Peut-on dès lors attendre du marché qu’il se corrige de lui-même, par sa propre vertu ? On peut légitimement en douter. Sans la volonté du politique de remettre l’action publique au cœur du débat, des orientations et des décisions nécessaires, il est peu probable qu’une solution durable puisse émerger.
La situation actuelle exige donc le retour d’un projet, d’une vision européenne de l’agriculture, de l’implication forte de la France dans la recherche de solutions collectives.
Comme cela a été rappelé à propos d’une autre crise, l’Europe doit retrouver sa fonction protectrice. C’est là le premier objectif. Il faut donner à l’échelle de l’Europe un coup d’arrêt aux orientations appliquées par la Commission et Mme Fischer Boel.
Le démantèlement des quotas laitiers, qui ont depuis de nombreuses années démontré leur utilité et leur justification, doit être stoppé. Il faut même leur rendre toute leur portée à court terme en tant qu’instrument indispensable de la maîtrise de la production, et à moyen terme en tant que condition de la survie financière d’une majorité de producteurs.
Nous le savons bien, la chute des prix n’est pas proportionnelle à l’ampleur de la surproduction, elle est même disproportionnée par rapport à celle-ci dès lors que l’équilibre de la production et du marché est rompu. L’Europe doit donc s’engager dans une gestion des volumes, il est urgent de les réduire et de les compenser dans un contexte de surproduction.
Quant à la France, en ayant adopté la loi LME, elle ajoute à cette situation déjà difficile une incroyable asymétrie dans le rapport entre la production et la distribution, au détriment de la première, bien entendu, ce qui est même dénoncé, parfois, par des parlementaires de la majorité.

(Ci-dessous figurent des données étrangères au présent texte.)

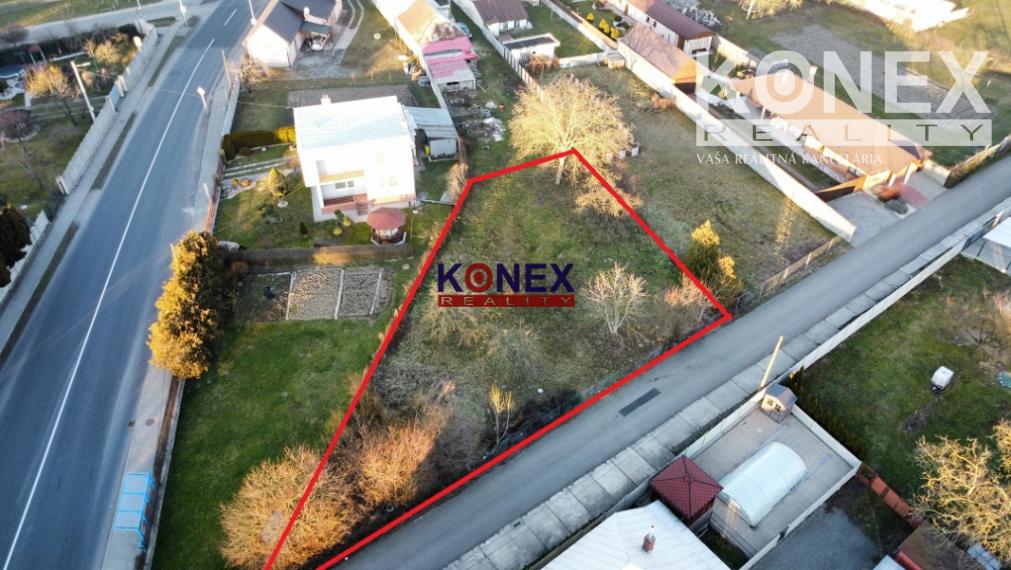 NOVINKA Krásny rovinatý pozemok v obci Sačurov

Enfin, au plus près de nous, les producteurs sont d’ores et déjà dans une situation préoccupante. Les études produites en Bretagne par les centres d’économie rurale montrent que l’équilibre de gestion moyen des exploitations se situe aux alentours d’un prix de 305 euros pour 1000 litres de lait payés aux agriculteurs. Or, aujourd’hui nous en sommes loin, très loin même dans certaines laiteries.

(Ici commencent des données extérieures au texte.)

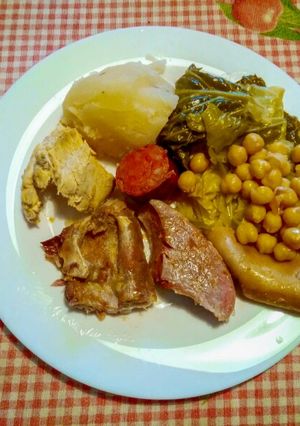 Una foto de Mini cocido gallego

Interrogez à ce sujet les producteurs livrant à l’entreprise Entremont Alliance, citée par notre collègue Gérard Le Cam tout à l’heure, quatrième entreprise française du secteur avec 2, 3 milliards de litres collectés et qui compte 6000 livreurs en Bretagne.
Avec un prix payé actuellement de 205 euros pour 1000 litres, leur situation est intenable. À ce compte, la crise va éliminer d’abord les plus fragiles, c’est-à-dire bien souvent les investisseurs récents, autrement dit les plus jeunes. Lorsqu’on sait qu’aujourd’hui près de la moitié des 4 300 producteurs des Côtes-d’Armor, troisième département pour la production laitière, ont plus de cinquante ans, on mesure mieux de quelle hypothèque on gage l’avenir.

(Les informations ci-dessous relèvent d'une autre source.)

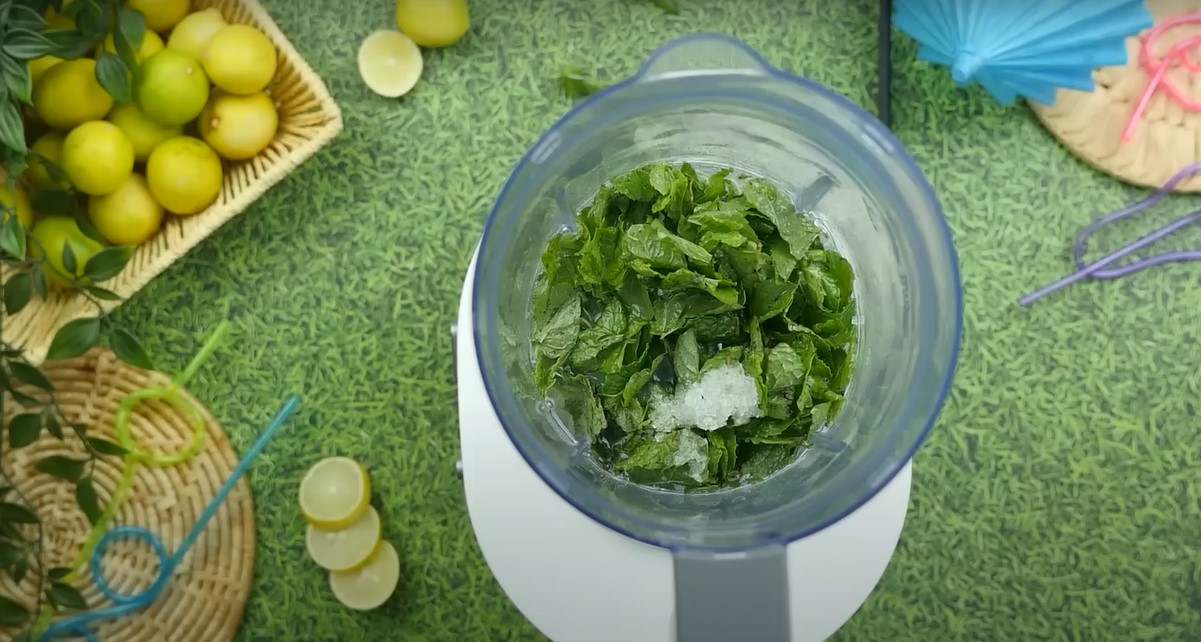 Zesty Mint Margarita Recipe – تازہ دم کرنے والی کلاسیکی ٹھنڈک کا منفرد انداز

Il est donc urgent qu’après avoir tergiversé le Gouvernement se saisisse enfin de la situation. Il est à craindre sinon qu’à très court terme nombre de producteurs ne soient acculés à la cessation d’activité dans les pires conditions et, par conséquence, que l’économie agricole dans toutes ses composantes ne soit touchée. Il est vital d’intervenir dès maintenant comme il l’est aussi de réfléchir à l’avenir de la filière dans sa globalité.
Sur toutes ces questions, la parole et les actes du Gouvernement sont attendus dans l’urgence, monsieur le ministre.